Consider using targeted surveys. They’re quick and easy, and one of the best ways to gather input and feedback from all groups. Because many groups make up every K12 learning community, actively soliciting school district stakeholder feedback is critical. Here are a few ways to use surveys to boost the success of your back-to-school plans.
Keep it short
Think of your own personal email account. We’ve all filled out those surveys that took 20 or more minutes, and it was tedious. To get your best survey response rate, keep it short. It might make sense to build a funnel of short surveys to send out intermittently. You could segregate your surveys by phases — like return-to-school surveys for planning, then follow-up check-ins on the schedule that makes sense. Try to keep each survey to 5 questions or fewer. Make sure your survey doesn’t take more than 10 minutes to fill out.

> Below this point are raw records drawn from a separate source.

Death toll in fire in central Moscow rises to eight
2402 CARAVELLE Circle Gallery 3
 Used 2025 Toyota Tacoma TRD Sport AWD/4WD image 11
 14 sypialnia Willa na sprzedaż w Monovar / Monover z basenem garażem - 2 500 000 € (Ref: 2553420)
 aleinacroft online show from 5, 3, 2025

Use some open-ended questions
Asking open-ended questions helps you better understand your target audience in their own words. For example, you could ask parents, “What would you like to see happen before we bring kids back into the classrooms?” Or if you’re not ready for a barrage of advice, ask them something simpler, but make it pertinent, which leads to the next suggestion.
Keep questions pertinent
To have the most success with your surveys, only ask questions you’ll actually use. If you don’t specifically need the information you’re asking for, you’re wasting your stakeholders’ time as well as your own. You’ll get much better responses you can use when you only ask essential questions. Need help? Start with professionally designed K12 survey templates.
Keeping questions pertinent also lends itself well to targeting your audience. Make a list of all your stakeholders and create a survey that’s geared specifically to their interests and opinions, such as parents, students, teachers, school officials, bus drivers, etc. When you get batches of responses, you’ll be happy you only asked a few pertinent questions.
Think of your survey as a conversation
Start with closed-ended questions that are either “yes” or “no” answers, a checkbox, or a multiple choice answer. Then end with one or two open-ended questions that get to the heart of what you want and need to know from your stakeholders.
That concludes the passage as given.